Majestic-12 : DSearch : MJ12bot
Email Address for Queries about the bot ( if you are too busy to read rest of the page ): firstname.lastname@example.org (we respond very quickly!)
You may have reached this page by clicking a link left by MJ12bot in your log files. Below you can see some of the most Frequently Asked Questions regarding MJ12bot.
What is MJ12bot doing on my site(s)?
We spider the Web for the purpose of building a search engine with a fast and efficient downloadable distributed crawler that enables people with broadband connections to help contribute to, what we hope, will become the biggest search engine in the world. Production of a full text search engine at Majestic-12 is currently in the research phase, funded in part by the commercialisation of research at Majestic.
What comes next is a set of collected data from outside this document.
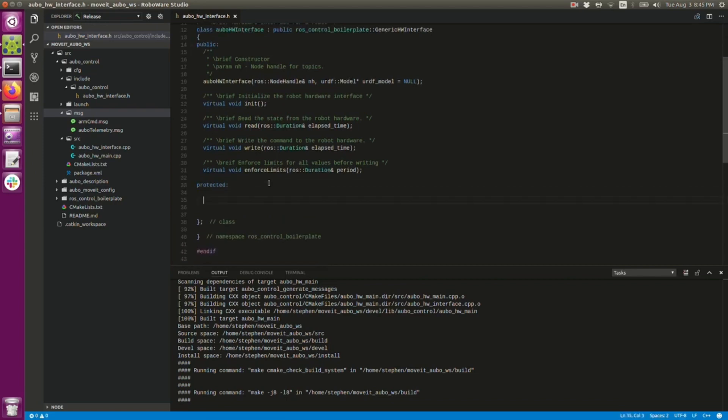There's two things we're going to have: a subscriber and a publisher. So beginning with my subscriber, as usual, I'm going to create a raw subscriber. I can call it whatever I want. I'm going to call it telemetry sub.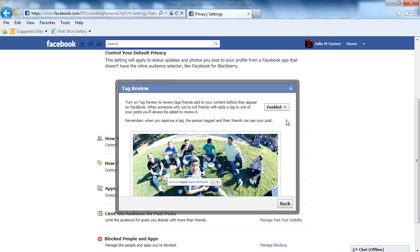But if it's disabled and a friend tags you in a picture, it's automatically going to show up on your profile. However, if somebody is not a friend of yours and they tag you in a picture, you will always have to approve that before it goes on your profile.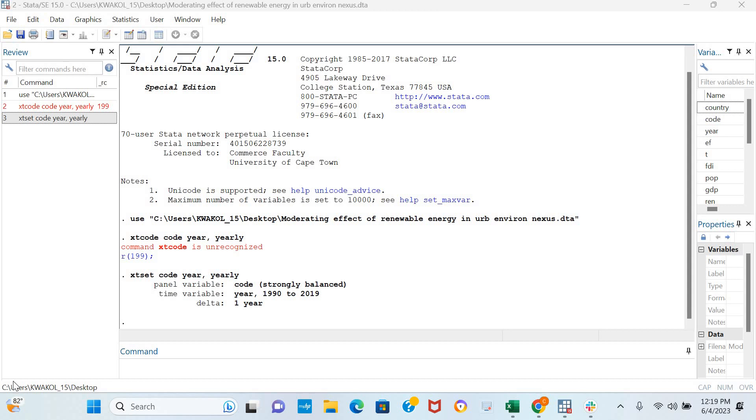In this video, I'm going to be examining the stationarity of a variable in our model using the CADF panel unit root test. The CADF panel unit root test is used to test for stationarity in a variable when there is cross-sectional dependence in the model.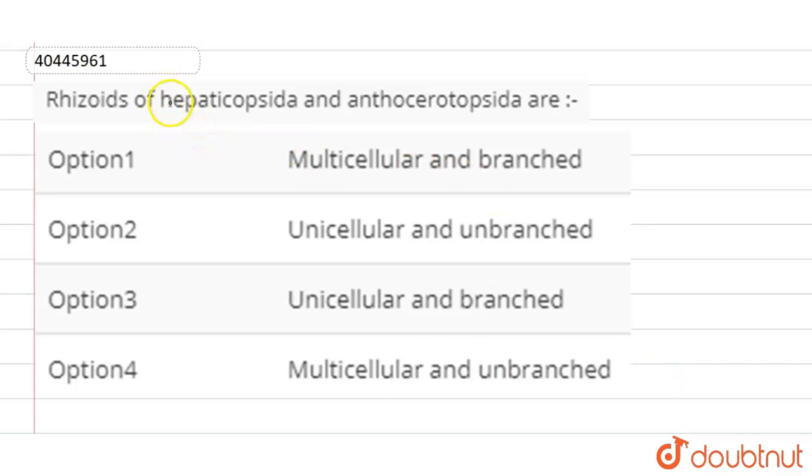In this case, we are asked about the Rhizoids in both cases, how are they? So, let's talk about Bryophyta.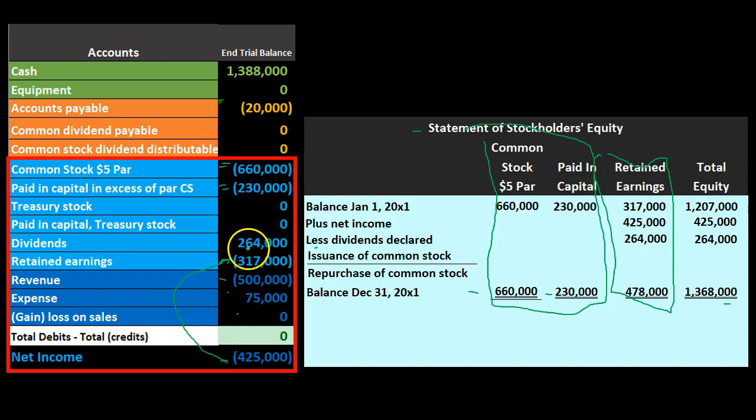If you see a statement of retained earnings instead of a full statement of stockholders equity, it may be because there's no change to common stock — no more issuances of stock during that period. Remember that stock trades happening all the time in the market are trades between investors trading already-issued shares — they don't affect the company's books. That's part of the beauty of stocks: once initially issued, they can be traded very easily.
What happens with crawled data?
Crawled data (currently only web graph of links) is added to the the largest public backlinks search engine index that we maintain as a dedicated tool called Site Explorer. All webmasters can obtain full free data on backlinks by verifying ownership of their site - learn about your own backlinks from the extensive backlinks index.
Why do you keep crawling 404 or 301 pages?
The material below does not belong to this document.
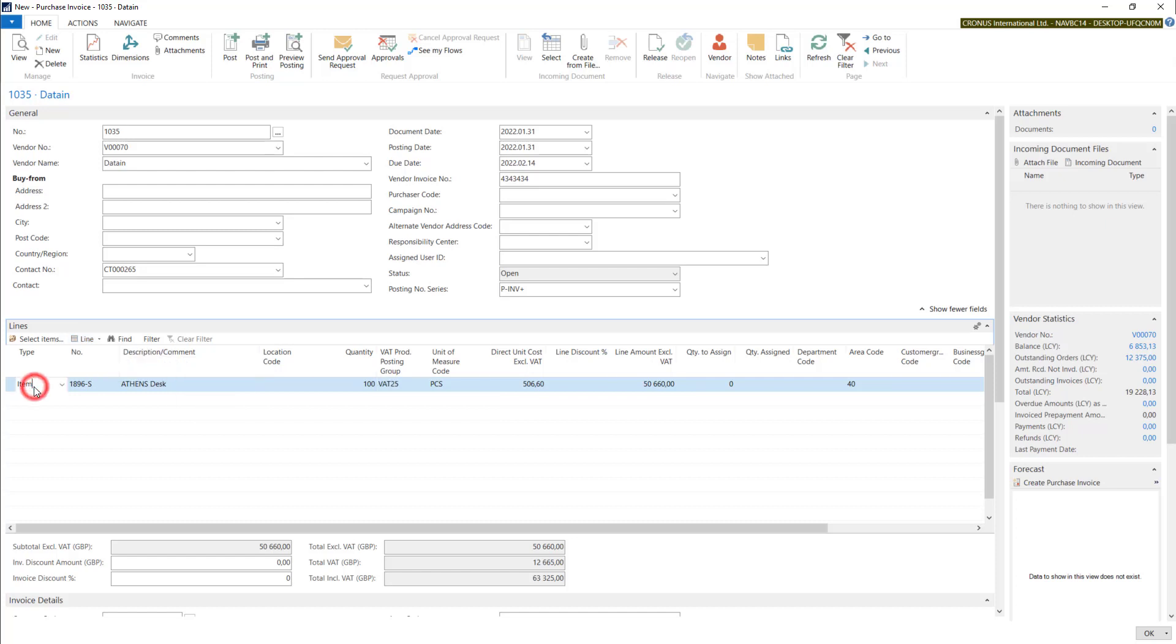In this case, I am doing it on purpose. I will show you how the system automatically creates a purchase receipt when we post this manually added item line.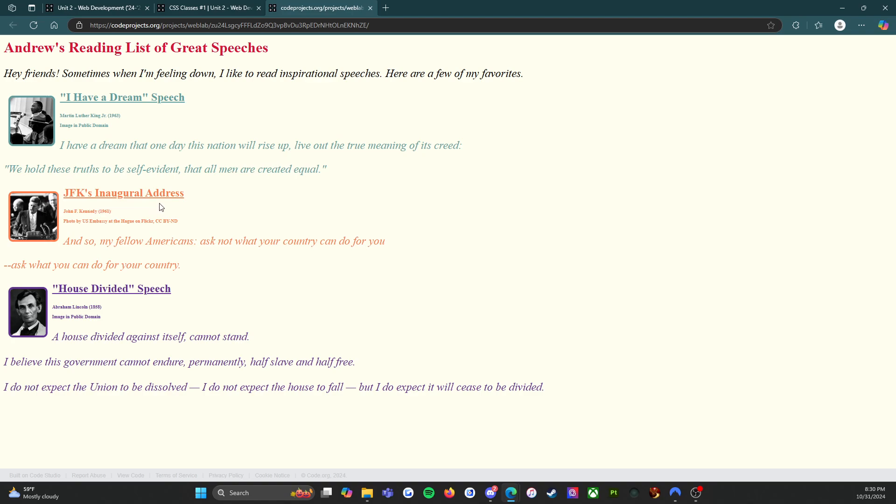John F. Kennedy, 1961, photo by US Embassy at the Hague on Flickr CC BY-ND. And so my fellow Americans, ask not what your country can do for you, ask what you can do for your country.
We have a long memory and what to ensure that temporary errors, website down pages or other temporary changes to sites do not cause ireperable changes to your site profile when they shouldn't. Also if there are still links to these pages they will continue to be found and followed. Google have published a statement since they are also asked this question, their reason is of course the same as ours and their answer can be found here: Google 404 policy
Your are crawling links with rel=nofollow
This is a common misunderstanding of the (perhaps poorly named) nofollow attribute. Google introduced the 'rel=nofollow' attribute in 2005 stating that links so marked would not influence the target's Pagerank, it does not stop the crawler from visiting the target page, this becomes particularly obvious if the target page has several links to it, some may have this attribute, some may not. If you wish to stop bots from crawling a page then the robots.txt file should be used to disallow the target page.
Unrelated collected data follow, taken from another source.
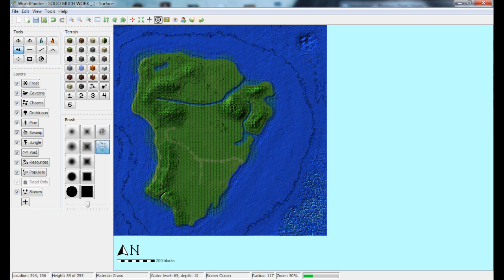This is the brush tool — what it does is it makes it like that. It basically makes random holes. So I'm going to show you in the test world.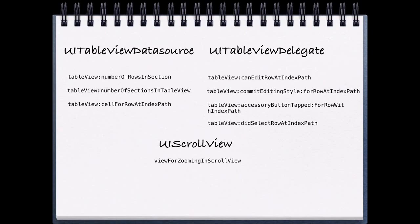So for UIScrollView, we had a method view for zooming in scroll view. And again, this told us when we were attempting to zoom, and we were able to tell it which view we should be zooming on if we had multiple views on top of our UIScrollView.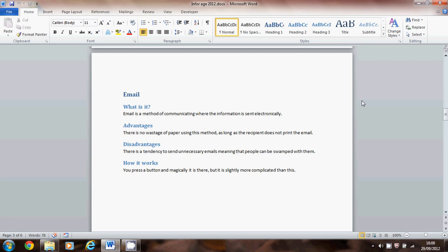Right, this video is going to show you how to set up a contents page. What you're looking at here is the first page of my report.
More information on rel=nofollow can be found here: Wikipedia Nofollow
How can I block MJ12bot?
MJ12bot adheres to the robots.txt standard. If you want the bot to prevent website from being crawled then add the following text to your robots.txt:
Please do not waste your time trying to block bot via IP in htaccess - we do not use any consecutive IP blocks so your efforts will be in vain. Also please make sure the bot can actually retrieve robots.txt itself - if it can't then it will assume (this is the industry practice) that its okay to crawl your site.
If you have reason to believe that MJ12bot did NOT obey your robots.txt commands, then please let us know via email: email@example.com. Please provide URL to your website and log entries showing bot trying to retrieve pages that it was not supposed to.
What non-standard features of robots.txt MJ12bot supports?
Our current crawler supports the following non-standard extensions to robots.txt:
- Crawl-Delay for up to 20 seconds (higher values will be rounded down to maximum our bot supports)
- Redirects ( within same site ) when trying to fetch robots.txt
- Simple pattern matching in Disallow directives compatible with Yahoo's wildcard specification
- Allow directives can override Disallow if they are more specific (longer in length)
- Certain failures to fetch robots.txt such as 403 Forbidden will be treated as blanket disallow directive
Why did a robots.txt block not work on MJ12bot?
We are keen to see any reports of potential violations of robots.txt by MJ12bot.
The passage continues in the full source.